• _What you should do_: Retype, exactly as written, every line from the one containing "Natural Latex Pillow" through the last line of the records below, both included; skip the pictures.

• _Records shown_:
━━━━━━━━━━━━━━━━━━━━

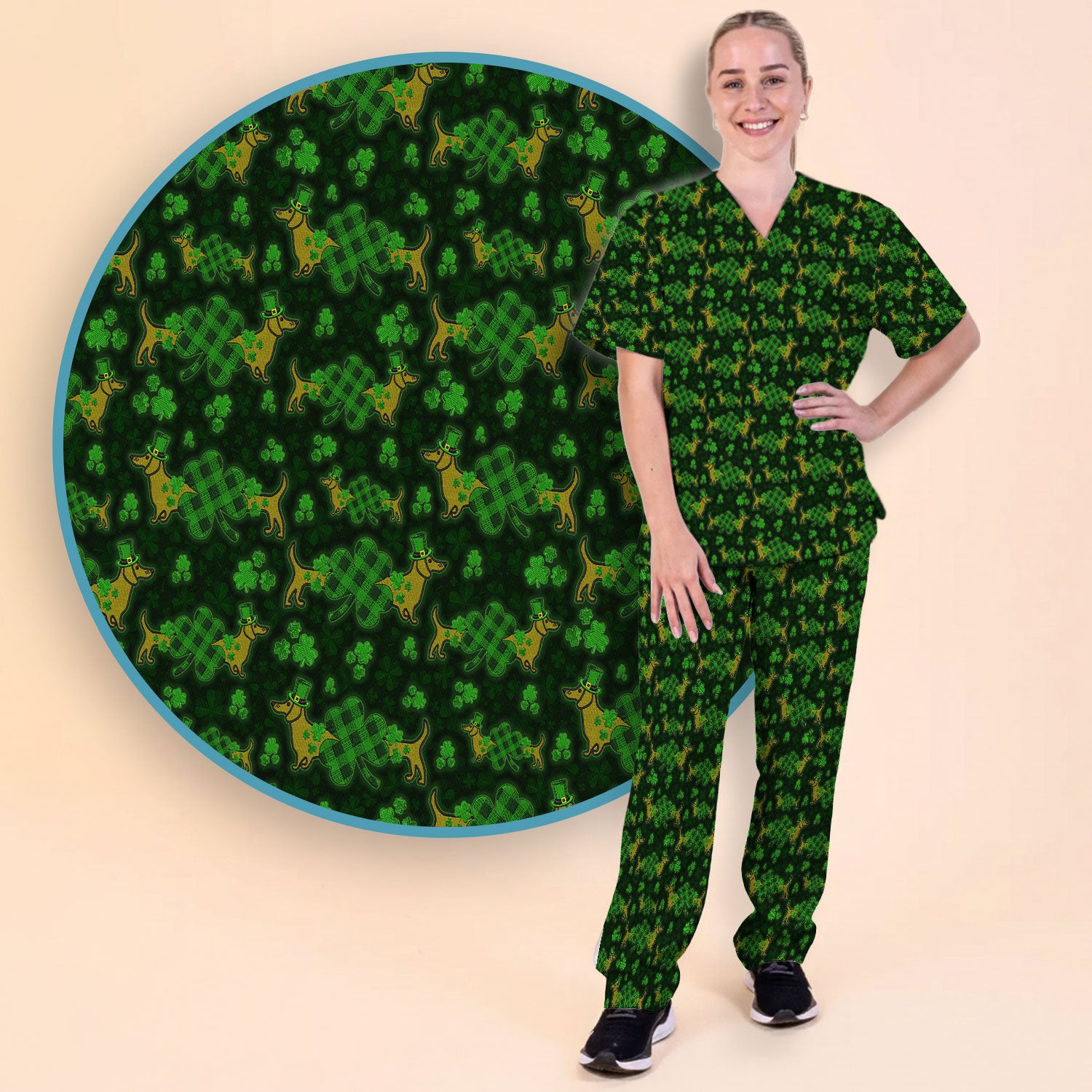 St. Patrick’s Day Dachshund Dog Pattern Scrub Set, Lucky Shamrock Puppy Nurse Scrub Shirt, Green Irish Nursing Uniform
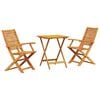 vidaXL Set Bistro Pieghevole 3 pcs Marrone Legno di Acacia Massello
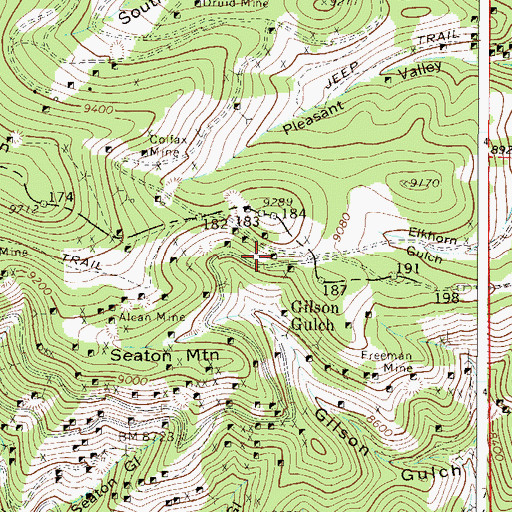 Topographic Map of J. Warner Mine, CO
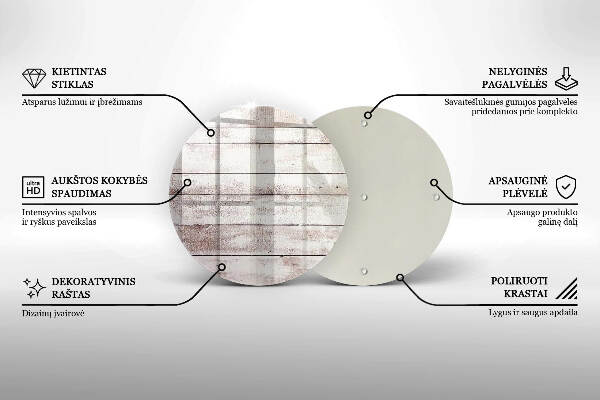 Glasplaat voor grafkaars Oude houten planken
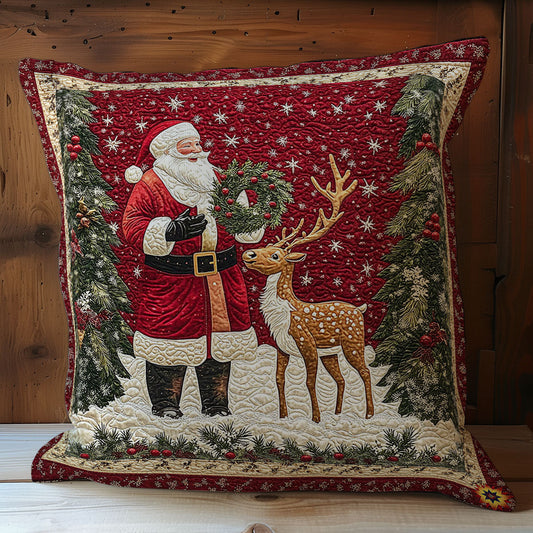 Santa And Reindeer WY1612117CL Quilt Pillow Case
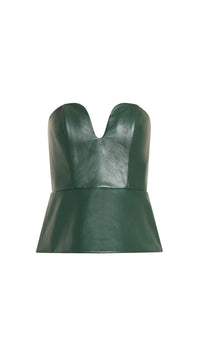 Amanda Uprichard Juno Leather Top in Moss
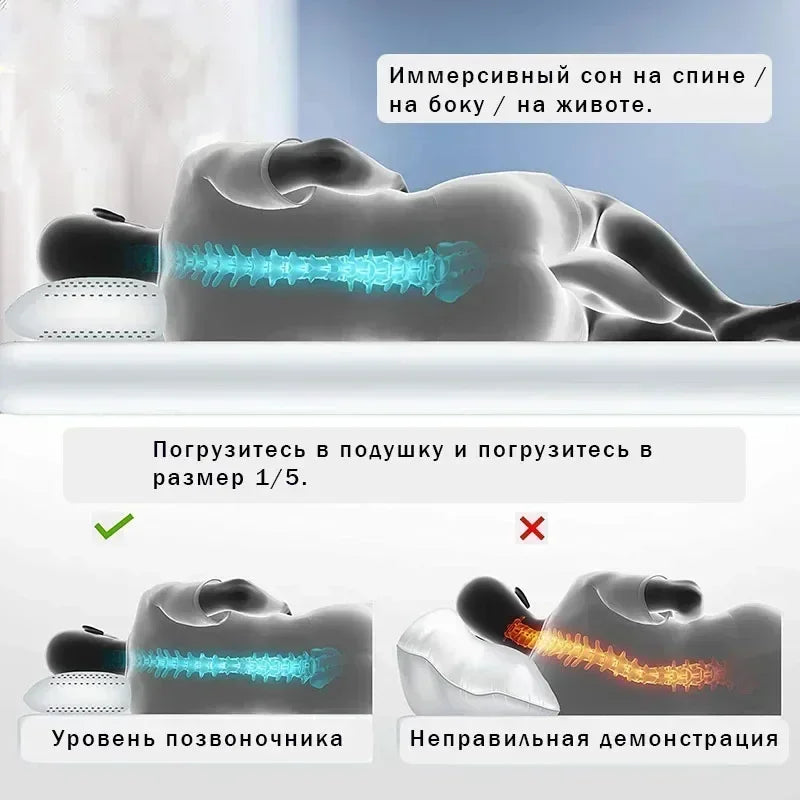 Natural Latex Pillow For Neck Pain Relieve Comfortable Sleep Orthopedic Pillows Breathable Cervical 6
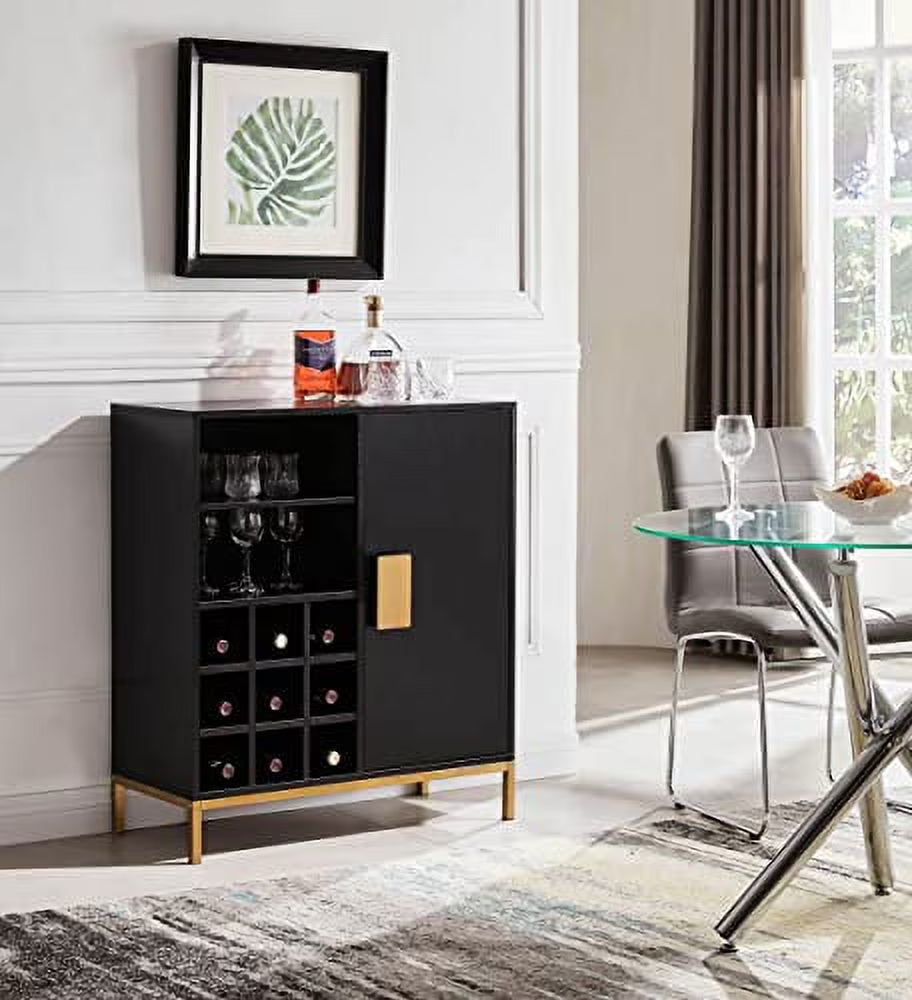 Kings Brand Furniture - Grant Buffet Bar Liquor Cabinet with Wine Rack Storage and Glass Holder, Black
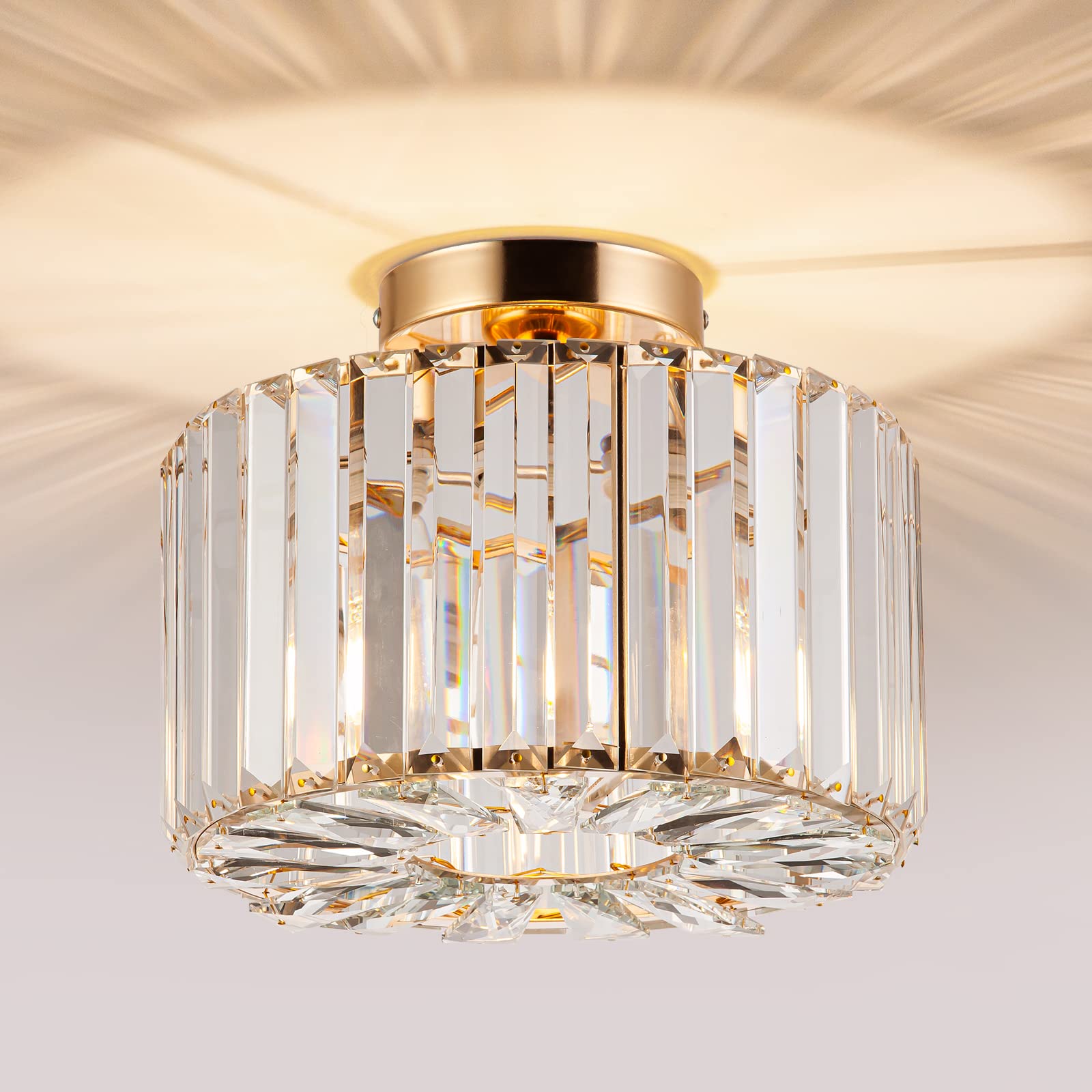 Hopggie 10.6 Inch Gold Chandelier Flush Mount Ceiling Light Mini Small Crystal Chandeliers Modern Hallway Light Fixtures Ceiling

━━━━━━━━━━━━━━━━━━━━

• _Result of the exercise_:
 Natural Latex Pillow For Neck Pain Relieve Comfortable Sleep Orthopedic Pillows Breathable Cervical 6
 Kings Brand Furniture - Grant Buffet Bar Liquor Cabinet with Wine Rack Storage and Glass Holder, Black
 Hopggie 10.6 Inch Gold Chandelier Flush Mount Ceiling Light Mini Small Crystal Chandeliers Modern Hallway Light Fixtures Ceiling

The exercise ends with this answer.